Comme Julien sortait, Altamira m’apprend que vous êtes des nôtres, lui dit don Diego, toujours plus grave. Un jour vous nous aiderez à reconquérir notre liberté, ainsi veux-je vous aider dans ce petit amusement. Il est bon que vous connaissiez le style de la maréchale ; voici quatre lettres de sa main.

— Je vais les copier, s’écria Julien, et vous les rapporter.

— Et jamais personne ne saura par vous un mot de ce que nous avons dit ?

— Jamais, sur l’honneur ! s’écria Julien.

— Ainsi Dieu vous soit en aide ! ajouta l’Espagnol, et il reconduisit silencieusement, jusque sur l’escalier, Altamira et Julien.

Cette scène égaya un peu notre héros ; il fut sur le point de sourire. Et voilà le dévot Altamira, se disait-il, qui m’aide dans une entreprise d’adultère.

Pendant toute la grave conversation de don Diego Bustos, Julien avait été attentif aux heures sonnées par l’horloge de l’hôtel d’Aligre.

Celle du dîner approchait, il allait donc revoir Mathilde ! Il rentra, et s’habilla avec beaucoup de soin.

Première sottise, se dit-il en descendant l’escalier ; il faut suivre à la lettre l’ordonnance du prince.

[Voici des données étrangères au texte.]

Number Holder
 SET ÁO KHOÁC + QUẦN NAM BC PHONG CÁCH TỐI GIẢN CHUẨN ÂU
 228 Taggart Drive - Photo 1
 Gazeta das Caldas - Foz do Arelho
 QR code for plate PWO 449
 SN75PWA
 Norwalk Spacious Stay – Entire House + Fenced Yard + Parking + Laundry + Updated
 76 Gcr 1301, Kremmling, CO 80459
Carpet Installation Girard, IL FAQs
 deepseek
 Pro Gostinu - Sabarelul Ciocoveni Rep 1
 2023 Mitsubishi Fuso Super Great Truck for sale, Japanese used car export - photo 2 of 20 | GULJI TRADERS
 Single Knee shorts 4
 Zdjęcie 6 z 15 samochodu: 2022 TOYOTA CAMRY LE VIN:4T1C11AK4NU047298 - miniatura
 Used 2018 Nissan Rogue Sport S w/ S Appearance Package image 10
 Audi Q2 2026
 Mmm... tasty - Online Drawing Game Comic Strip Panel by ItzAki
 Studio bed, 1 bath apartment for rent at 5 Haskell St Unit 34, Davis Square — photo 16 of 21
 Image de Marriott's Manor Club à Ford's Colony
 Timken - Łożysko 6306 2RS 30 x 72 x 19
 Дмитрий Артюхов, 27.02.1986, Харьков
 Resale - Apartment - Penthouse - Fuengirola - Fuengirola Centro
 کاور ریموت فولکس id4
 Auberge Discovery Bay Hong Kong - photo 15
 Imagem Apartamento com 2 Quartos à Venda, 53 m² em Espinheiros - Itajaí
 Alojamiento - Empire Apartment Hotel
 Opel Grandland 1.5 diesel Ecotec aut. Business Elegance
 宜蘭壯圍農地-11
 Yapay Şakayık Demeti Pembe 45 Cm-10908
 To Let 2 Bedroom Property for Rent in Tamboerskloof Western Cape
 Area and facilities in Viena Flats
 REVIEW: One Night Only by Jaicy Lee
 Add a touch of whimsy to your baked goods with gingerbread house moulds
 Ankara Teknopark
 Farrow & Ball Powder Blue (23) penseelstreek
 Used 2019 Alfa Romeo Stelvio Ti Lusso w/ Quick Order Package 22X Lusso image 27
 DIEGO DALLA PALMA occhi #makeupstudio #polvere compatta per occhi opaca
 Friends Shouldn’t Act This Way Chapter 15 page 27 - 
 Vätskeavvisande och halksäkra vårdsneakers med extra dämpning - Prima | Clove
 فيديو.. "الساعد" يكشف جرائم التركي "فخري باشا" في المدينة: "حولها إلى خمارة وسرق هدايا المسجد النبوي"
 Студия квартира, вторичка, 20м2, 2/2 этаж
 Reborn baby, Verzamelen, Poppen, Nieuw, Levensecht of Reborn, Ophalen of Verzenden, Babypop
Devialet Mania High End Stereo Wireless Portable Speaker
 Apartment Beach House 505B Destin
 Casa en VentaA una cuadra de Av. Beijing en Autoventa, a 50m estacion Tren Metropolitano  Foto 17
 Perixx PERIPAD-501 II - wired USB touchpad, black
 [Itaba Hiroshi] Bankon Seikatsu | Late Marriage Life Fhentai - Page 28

Il remonta chez lui, et prit un costume de voyage on ne peut pas plus simple.

Maintenant, pensa-t-il, il s’agit des regards. Il n’était que cinq heures et demie, et l’on dînait à six. Il eut l’idée de descendre au salon, qu’il trouva solitaire. À la vue du canapé bleu, il fut ému jusqu’aux larmes ; bientôt ses joues devinrent brûlantes. Il faut user cette sensibilité sotte, se dit-il avec colère ; elle me trahirait. Il prit un journal pour avoir une contenance, et passa trois ou quatre fois du salon au jardin.